Le précédent du fonds de 300 milliards de dollars Dans le cadre des négociations, un montant de 300 milliards de dollars a été évoqué comme possible mécanisme financier destiné à soutenir l’économie iranienne en échange de garanties sur le programme nucléaire. Ce chiffre a circulé dans les milieux diplomatiques, mais aucun détail officiel sur sa répartition ou ses conditions n’a été confirmé à ce stade.

Calendrier et incertitudes Le président Trump avait initialement fixé la signature de l’accord au vendredi 19 juin, avant de revenir sur cette échéance sans donner de nouvelle date précise. Il avait également révélé avoir annulé des frappes militaires programmées contre l’Iran, estimant que la voie diplomatique devait être privilégiée. La transmission au Congrès confirme la volonté d’inscrire l’accord dans un cadre légal américain, mais laisse planer des interrogations sur le calendrier final.
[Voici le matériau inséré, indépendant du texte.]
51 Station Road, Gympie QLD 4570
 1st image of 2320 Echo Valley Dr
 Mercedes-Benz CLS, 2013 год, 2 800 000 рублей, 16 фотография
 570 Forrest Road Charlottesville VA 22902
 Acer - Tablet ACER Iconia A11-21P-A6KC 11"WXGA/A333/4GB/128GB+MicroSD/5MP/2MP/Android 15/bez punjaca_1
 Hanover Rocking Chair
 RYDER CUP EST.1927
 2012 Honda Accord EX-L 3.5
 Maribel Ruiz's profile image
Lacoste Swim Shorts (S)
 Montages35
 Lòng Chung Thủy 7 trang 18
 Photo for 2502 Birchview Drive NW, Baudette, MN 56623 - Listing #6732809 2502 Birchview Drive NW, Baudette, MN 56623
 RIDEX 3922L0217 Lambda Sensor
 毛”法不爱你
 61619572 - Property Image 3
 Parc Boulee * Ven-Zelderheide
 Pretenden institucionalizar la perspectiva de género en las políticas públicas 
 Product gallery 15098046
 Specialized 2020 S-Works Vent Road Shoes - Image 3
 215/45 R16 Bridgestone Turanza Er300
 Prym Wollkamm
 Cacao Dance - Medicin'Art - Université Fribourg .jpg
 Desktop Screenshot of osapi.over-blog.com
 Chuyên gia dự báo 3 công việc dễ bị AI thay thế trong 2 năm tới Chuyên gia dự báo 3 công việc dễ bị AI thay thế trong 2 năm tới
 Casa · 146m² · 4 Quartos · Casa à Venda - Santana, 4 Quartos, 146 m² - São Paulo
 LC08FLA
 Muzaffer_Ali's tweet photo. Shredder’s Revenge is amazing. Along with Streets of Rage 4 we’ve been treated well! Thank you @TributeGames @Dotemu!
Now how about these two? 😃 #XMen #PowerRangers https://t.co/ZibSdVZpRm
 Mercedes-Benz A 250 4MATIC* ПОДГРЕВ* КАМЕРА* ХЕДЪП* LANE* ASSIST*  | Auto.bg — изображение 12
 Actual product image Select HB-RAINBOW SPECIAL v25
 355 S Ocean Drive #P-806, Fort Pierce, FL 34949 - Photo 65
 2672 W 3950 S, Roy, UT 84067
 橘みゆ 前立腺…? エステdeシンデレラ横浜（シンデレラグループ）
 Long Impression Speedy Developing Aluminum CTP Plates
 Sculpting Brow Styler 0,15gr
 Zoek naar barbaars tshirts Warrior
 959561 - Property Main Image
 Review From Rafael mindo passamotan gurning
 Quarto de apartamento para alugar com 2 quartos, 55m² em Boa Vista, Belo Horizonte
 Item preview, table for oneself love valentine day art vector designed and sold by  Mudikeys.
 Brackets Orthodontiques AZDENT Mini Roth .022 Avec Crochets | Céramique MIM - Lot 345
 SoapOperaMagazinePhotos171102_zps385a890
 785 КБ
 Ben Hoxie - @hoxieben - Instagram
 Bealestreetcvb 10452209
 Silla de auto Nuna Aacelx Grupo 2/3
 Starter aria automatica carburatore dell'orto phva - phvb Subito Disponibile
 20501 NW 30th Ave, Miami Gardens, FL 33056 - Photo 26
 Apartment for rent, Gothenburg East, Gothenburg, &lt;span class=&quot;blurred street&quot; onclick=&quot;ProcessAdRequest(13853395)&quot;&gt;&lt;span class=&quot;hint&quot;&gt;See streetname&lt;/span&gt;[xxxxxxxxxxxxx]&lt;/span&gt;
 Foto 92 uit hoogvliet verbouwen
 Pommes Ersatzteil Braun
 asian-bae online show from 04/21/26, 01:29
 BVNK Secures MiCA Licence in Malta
Réactions et prochaines étapes Les réactions des élus américains sont attendues, certains républicains ayant déjà exprimé des réserves sur les concessions accordées à Téhéran. De leur côté, les autorités iraniennes n’ont pas encore commenté officiellement cette transmission. Le texte soumis n’a pas été rendu public dans son intégralité. L’examen par le Congrès pourrait prendre plusieurs semaines, en fonction des débats et des amendements éventuels.

Le contexte des négociations Les discussions entre les deux pays se sont accélérées ces dernières semaines, après des mois de tensions. L’administration Trump a cherché à conclure un accord avant la fin de l’année électorale, tandis que l’Iran espère une levée des sanctions économiques qui asphyxient son économie. Le fonds de 300 milliards de dollars serait destiné à financer des projets d’infrastructure et de développement, mais sa mise en place dépendra de l’approbation du texte par le Congrès et de la supervision internationale.